But according to independent scholars in the field, the majority of the publications cited in the opposition brief have not only been debunked, but also discredited in the Canadian Supreme Court during cross-examination. The court subsequently struck down Canada’s anti-prostitution laws, finding them unconstitutional because of the negative impact they had on the safety and lives of sex workers.

Doogan notes that victim advocates are “not challenging the men who really have control over our world.”

She added: “They want to dismiss the sexual violence that we’re talking about that goes on with police.”

Doogan and other sex-worker advocates argue that the majority of people being rounded up and arrested during anti-sex-trafficking sweeps such as Operation Cross Country are not slaves held in bondage, but women working together, or as independent prostitutes– a claim supported by investigative journalists following this arrest data.

CUSP’s Terra Burns, who has analyzed thousands of charging documents from several states over the past five years, said that the most serious cases of child sex trafficking “are for the most part not cases that are being found in prostitution stings, [but] cases that are being found because somebody came forward and made a report.”

And in jurisdictions that aren’t aggressively charging people for prostitution, more sex workers are coming to police with tips, she added.

Burns, who herself was sex trafficked as a child, has lobbied extensively for legislative amendments in Alaska. She helped push through bills at the state and county level to allow immunity for sex workers reporting a crime, and hopes Alaska legislators will place priority on the proposed measure to make it illegal for police to sexually penetrate someone they were investigating.

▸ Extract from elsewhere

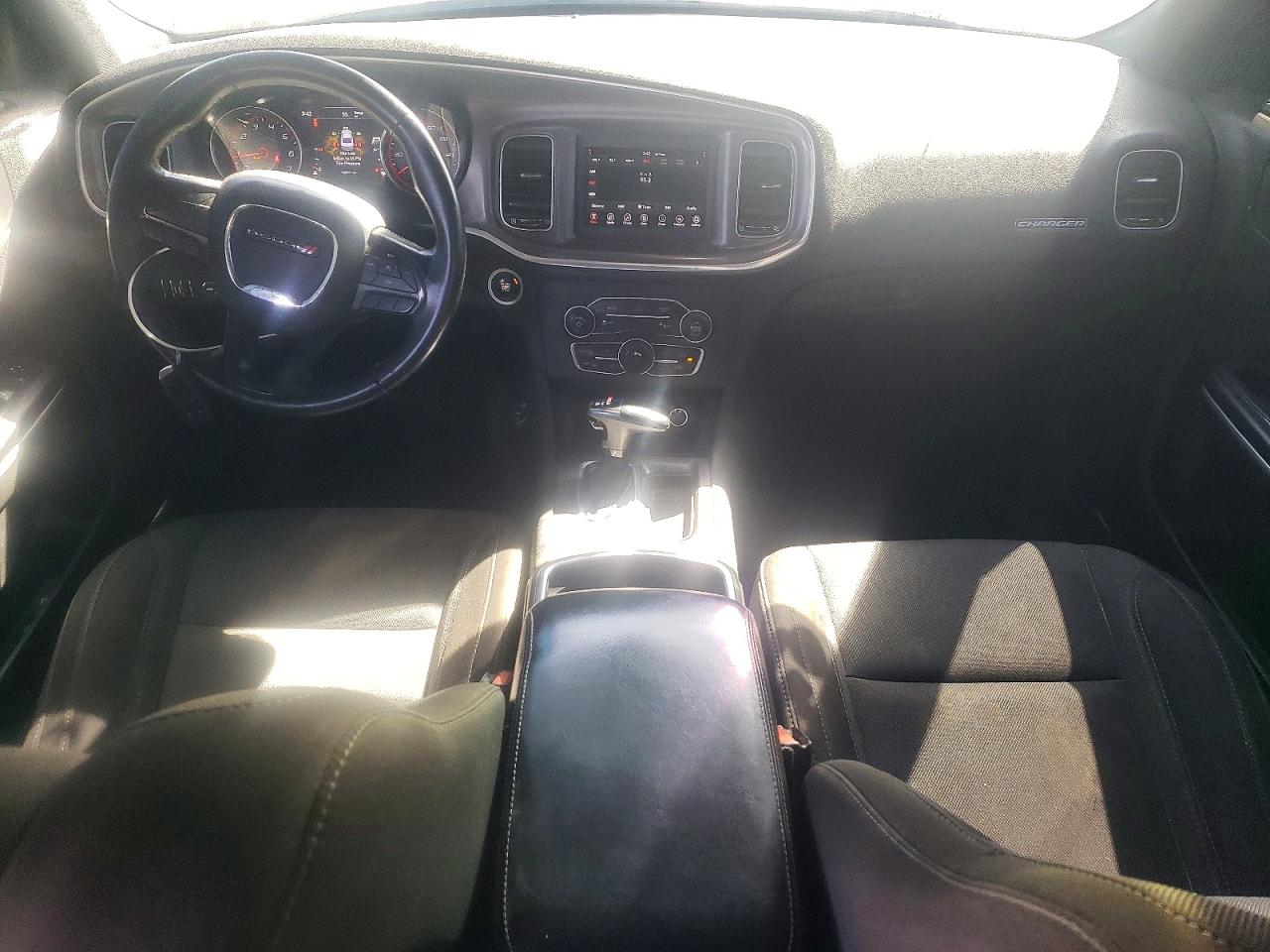 2019 DODGE CHARGER SXT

“When an officer coerces you into having sex with him under the threat of arrest, or another kind of threat, that is an act of violence,” Burns said.

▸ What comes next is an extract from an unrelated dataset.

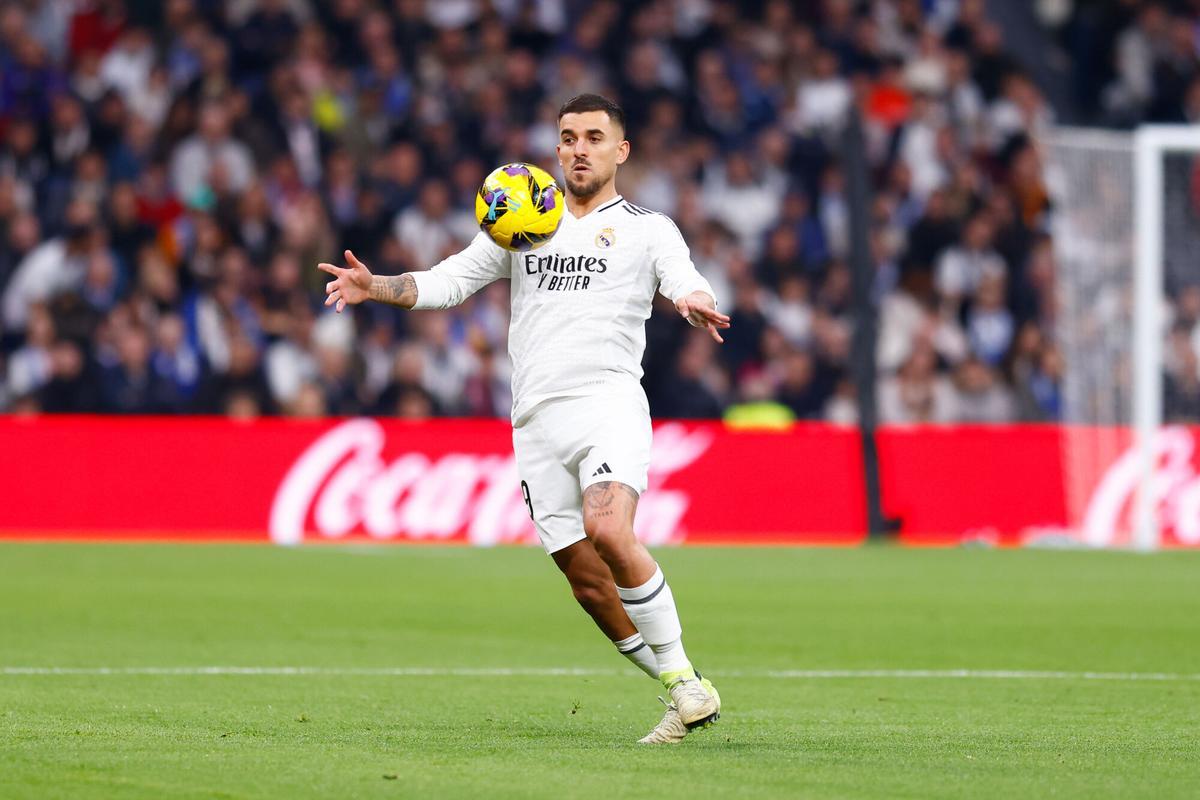 Dani Ceballos controla un balón en un partido de esta temporada con el Real Madrid.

Police don’t need to have sex with someone in order to charge them with prostitution, but it happens. She describes one charging document where a police officer paid for a hand job at a massage parlor. “They could have arrested her right there, but instead he waited and got a hand job. and then he put her in handcuffs. And when that happens, it’s really traumatic.”

alaska legislature

Doogan (left) and Burns, introducing their first bills. Photo courtesy of Terra Burns

Other charging documents, published on CUSP’s website, describe police having multiple sex acts with women before arresting them.

The Alaska Department of Law as well as the Anchorage police continue to oppose the no-sexual-contact bill, and it has stalled for almost a year.

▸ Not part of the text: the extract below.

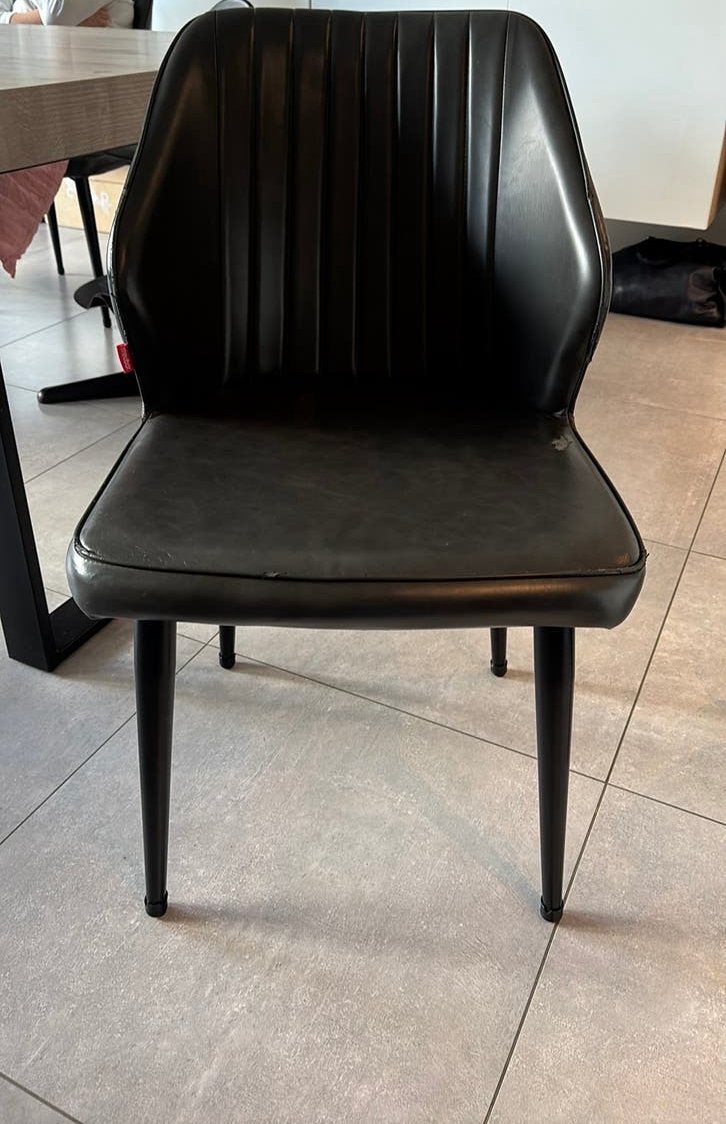GRATIS 6 Eetkamer stoelen met slijtage en 1 poot met barst, Synthétique, Gris, Enlèvement, Cinq, Six Chaises ou plus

See also: ‘Invisible No More:’ The Other Women #MeToo Should Defend

In addition to government task forces, the anti-trafficking movement has also created a $47 million cottage industry of victim advocacy.

Significantly, in order to receive funding, organizations are still being asked to sign a Bush-era anti-prostitution pledge (also known as the “global gag rule”), even though it was ruled unconstitutional in a 2013 Supreme Court decision.

The same goes for researchers, according to George Washington University sociologist Ronald Weitzer, who has studied the sex industry and human trafficking for over three decades, and who served as an expert witness in the case before Canada’s Supreme Court. Before the gag rule was overturned, he was asked to sign the pledge in order to conduct an academic literature review for the National Institute of Justice.

“It’s shocking that even something as mundane as a literature review in this area becomes politicized,” he told The Crime Report.

More recent examples include University of Nevada researcher Barbara Brent, who was part of a 2014 task force developing a trafficking education program for first responders in Nevada.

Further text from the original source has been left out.